Walter C. Urbigkit, “he was a good friend of mine, I never understood a single word he said, but I helped him drink his wine!” Walter loved the language enough to use it fully. A dictionary in your hip pocket was helpful when you had a conversation with him. We first met in 1969. I was barely old enough to drink and we’d leave Democratic Party meetings for a booth at the old Club Araby on Carey Avenue.  We’d order one round and another, listening attentively to Walter talking politics and quoting Robert Service poetry.

Walter loved Robert Service poems. This morning I came across “A Busy Man, “ one that reminded me of Walter’s profound life.

This crowded life of God's good giving

No man has relished more than I;

I've been so goldarned busy living...

I've never had the time to die.

I’ve not known anyone so “goldarned busy living” as Walter. For a while my family and I lived in a house next to his law office. I’d get up before 6 AM every morning but the light was already on in the office window I could see though the one in my kitchen. There was Walter, a stack of law books in front of him, already long at work.

I served with Walter in the Legislature, had the joy of sitting next to him. I believe him to be the only member of the Wyoming legislature not only to read every bill but to understand them all as well. He could speak with authority on every issue. I had known him for many years before it occurred to me that at least some of what he said was mere opinion and not actually gospel.

I recall one of those long evenings at the Araby. He was unhappy with the outcome of the 1972 Democratic National Convention. I thought they had done the Party and the nation a service by nominating George McGovern, a candidate who would end the war in Viet Nam.  But Walter was an old Hubert H. Humphrey liberal. As Walter dropped a tip on the table and stood to leave, he said, “I guess my problem is I am just not much of a liberal anymore.”

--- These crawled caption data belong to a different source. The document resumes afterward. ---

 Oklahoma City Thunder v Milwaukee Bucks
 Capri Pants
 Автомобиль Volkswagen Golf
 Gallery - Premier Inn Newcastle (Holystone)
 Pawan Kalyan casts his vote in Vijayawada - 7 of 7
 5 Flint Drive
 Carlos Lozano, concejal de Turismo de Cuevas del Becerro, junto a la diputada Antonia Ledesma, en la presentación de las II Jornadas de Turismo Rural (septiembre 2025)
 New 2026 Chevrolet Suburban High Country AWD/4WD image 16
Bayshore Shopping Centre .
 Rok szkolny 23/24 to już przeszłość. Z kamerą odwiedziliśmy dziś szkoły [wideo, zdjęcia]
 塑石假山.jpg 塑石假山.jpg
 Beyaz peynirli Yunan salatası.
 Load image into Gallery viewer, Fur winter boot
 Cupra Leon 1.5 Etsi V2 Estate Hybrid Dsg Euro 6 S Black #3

I realized later that it wasn’t Walter who’d changed. It was the definition of “liberal.” Walter’s idea of a liberal was not George McGovern but Hubert Humphrey, who defined liberals for his generation saying, “It was once said that the moral test of government is how that government treats those who are in the dawn of life, the children; those who are in the twilight of life, the elderly; and those who are in the shadows of life, the sick, the needy and the handicapped.

Whether you quote from an Urbigkit speech on the floor of the House of Representatives or from one of his opinions as a Supreme Court Justice or simply recall one of his dissertations during a late night Araby conference, that was the thread that ran through his life. It’s what he believed whether he was running for office or sharing a conversation over a drink. It’s who he was and why he will be missed.

It’s regretful Wyoming doesn’t take more time to remember and celebrate its fallen “stars.” They burn brightly across the sky and fall to the earth. Ashes to ashes, dust to dust. Within a generation or less they are but footnotes in a history book. Walter didn’t live his life hoping to be remembered but we’d do well to remember his as we live whatever life we have remaining.

Walter C. Urbigkit earned the rest God promises us all, the one with which Robert concludes his poem.

And now I'll toddle to the garden

And light a good old Henry Clay.

I'm ninety odd,
so Lord, please pardon
my frequent lapses by the way.

I'm getting tired; the sunset lingers;

The evening star serenes the sky;

The damn cigar burns to my fingers . . .
I guess . . .
I'll take . . . time off . . . to die.

1 comment:

  1. Nice post, Rodger. We need those old-line Liberals now more than ever. Humphrey's Liberalism seems more in line with what we're up to now.